Im Gegensatz zum Idioten und Verbrechen und Strafe quäle ich mich geradezu durch die Brüder Karamasow, nicht unbedingt, weil das Buch schlechter wäre, was ich nach 513 Seiten noch nicht abschließend beurteilen mag, sondern weil es einem allerhand Schwerverdauliches vorsetzt.

Dieses Mal geht es um den geheimnisvollen Besucher in Starez Sossimas Jugendjahren. Mir gefällt die Art und Weise, wie Dostojewskij hier Alltägliches moralphilosophisch auflädt ganz und gar nicht, bestenfalls ist es Bequemlichkeit, schlimmstenfalls der Grund zu einer irrigen Ethik, das kann ich noch nicht beurteilen, aber es scheint mir in jedem Fall geboten, klipp und klar zu sagen, was genau das Handeln dieses geheimnisvollen Besuchers bestimmt, um der hier allzu nahe liegenden Verleumdung einen Riegel vorzuschieben.

Einmal also hat er gemordet und ein zweites Mal stand er kurz davor, und beide Male folgte er demselben Gedanken, nämlich nicht mit einer bestimmten Lage leben zu können und es deshalb auch nicht zu müssen.

Die Lage, freilich, ist nicht von derselben Art. Beim ersten Mal besteht sie darin, etwas nicht verfolgen zu können, zu dem er sich aufgerufen fühlt, und das schließt in seinem Fall das Gebet um Gottes Hilfe in der fraglichen Angelegenheit ein, und beim zweiten Mal besteht sie darin, etwas getan zu haben, was er im Nachhinein lieber nicht getan hätte, und was er also gerne ungeschehen machen würde, indem er den Zeugen beseitigt.

Sie sehen also schon, was ich moniere: Menschen, welche, sobald sie etwas peinliches getan haben, darauf sinnen, dessen Zeugen umzubringen, dürften nicht allzu dicht gesät sein, und Menschen, welche jene, welche ihre Liebe ausschlagen, morden, auch nicht.

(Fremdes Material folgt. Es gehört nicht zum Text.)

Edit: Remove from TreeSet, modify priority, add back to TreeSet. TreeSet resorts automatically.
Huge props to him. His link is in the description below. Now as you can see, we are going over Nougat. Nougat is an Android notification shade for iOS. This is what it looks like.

Grundsätzlich handelt es sich bei der Unfähigkeit, eine für einen selbst schmähliche Wahrheit zu ertragen, um Eitelkeit, aber hier ist sie gewissermaßen künstlicher Art, steigert sich der Betroffene in eine Haltung hinein, welche einer bestimmten ethischen Auffassung, nämlich der titelgebenden Zwangsvorstellung, Ausdruck gibt.

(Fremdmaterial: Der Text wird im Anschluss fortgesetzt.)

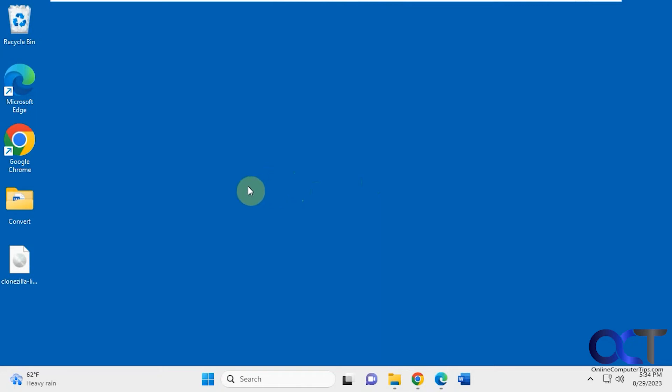And then Windows 11 also has some enhanced security features over Windows 10, which is always good these days because everybody's trying to hack everybody, it seems. So that's always good to have better security features.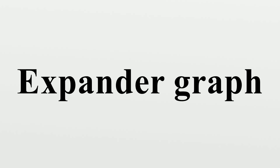That is, we have Au = Du, and u is an eigenvector of A with eigenvalue λ_1 = D, where D is the degree of the vertices of G. The spectral gap of G is defined to be D - λ_2, and it measures the spectral expansion of the graph G.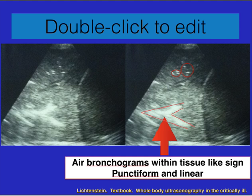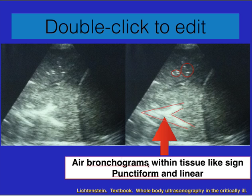If you see air bronchograms within the tissue, they can be either punctate or linear. You can see the bottom here is linear, and these are little punctate ones. This would indicate either early pneumonia or a pneumonia process. Again, you have to look at the clinical process and context that takes place with it.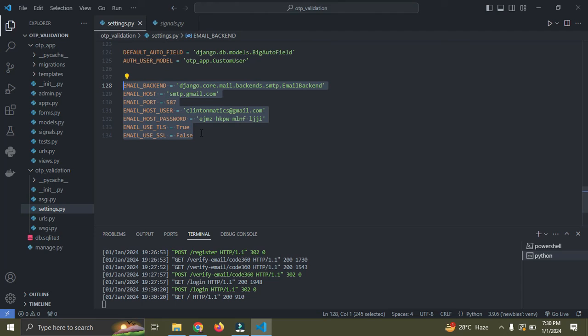So once you have this configured, it's going to work perfectly. So in the next video, I'm going to show you how to verify email addresses using OTP. And mind you, this OTP expires every five minutes. So for you to not miss that video, make sure you are subscribed. Thank you for watching this video, and we are going to see the next video. Stay blessed and bye-bye.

Die Grundverfassung hier ist Wehleidigkeit, Selbstmitleid, ein Mangel an der Disziplin, die Vernunft über sonstige Beweggründe zu stellen, in diesem Fall jene der Achtung, nicht der Lust, und daraus, wahrscheinlich unter Rückgriff auf Gottes Erbarmen, abzuleiten, daß ein jeder Mensch das Recht habe zu versuchen, als vernunftverschmähendes Tier glücklich zu werden, weil, und darin besteht die Zwangsvorstellung, das die Art des Menschen sei.

Dabei ist es nicht weiter ungewöhnlich, daß Jugendliche tatsächlich dazu neigen, sich so zu sehen und ihr Leben danach zu leben, doch nicht in offener Feldschlacht mit der Vernunft, sondern ihr bestmöglich ausweichend, und wenn sie tatsächlich in die offene Auseinandersetzung mit ihr gezwungen werden, geben sie klein bei, weil sie wissen, daß sie sich und die ganze Menschheit durch die im vorigen besprochene Ethik zu Tieren degradierten.

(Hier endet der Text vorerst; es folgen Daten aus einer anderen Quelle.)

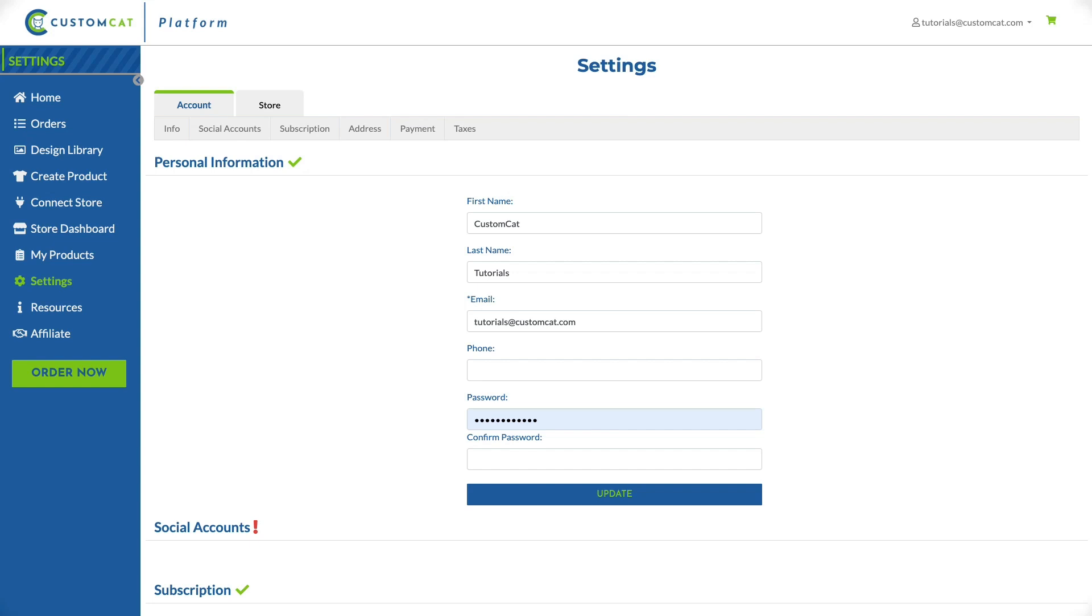That's it! You've finished your initial account setup. In our next videos, we'll review the store connection process and store specific settings in your CustomCat account.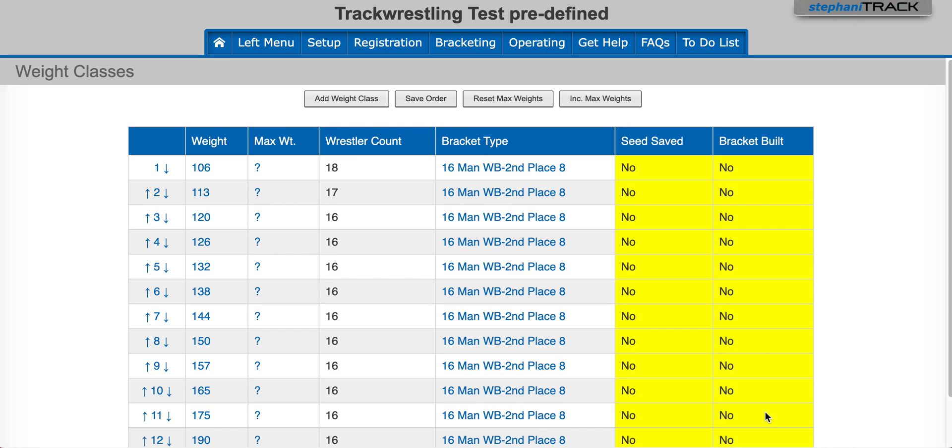By default, prelims are randomly drawn in and evenly distributed through the bracket. There are some cases when the default assignment will not work, like when your governing body specifies where the wrestlers should be drawn in.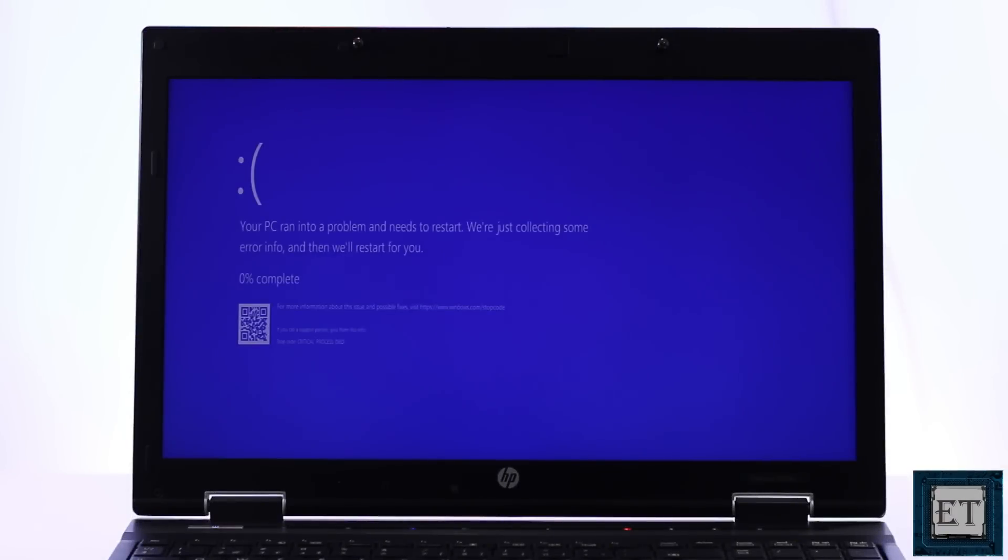Hi guys, this is Jude from Izitex. In this tutorial, I'll be demonstrating three possible ways to fix the Windows 10 startup error that says your PC ran into a problem and needs to restart. We're just collecting some error info and then we'll restart for you.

Was also letztlich für das Verhalten von Starez Sossimas geheimnisvollem Besucher verantwortlich ist, ist das Gefühl der Stimmigkeit einer zwangsvorstellungsbasierten Haltung, welche sich in seinem Fall aus dem Selbstmitleid mit seiner durch die Sorge geknechteten Achtung speist, aber ich wiederhole, daß, während Spannungen zwischen den Seelenteilen alltäglich sind, es einem Menschen für gewöhnlich bewußt ist, was es für ihn und seinesgleichen bedeutet, die Vernunft formal, also begrifflich in einer Zwangsvorstellung erfaßt, vom Thron zu stoßen, und auch ein Mensch, welcher sich dessen nicht bewußt ist, muß im Laufe der Zeit die Züge eines gehetzten Tiers annehmen, wenn er es tut.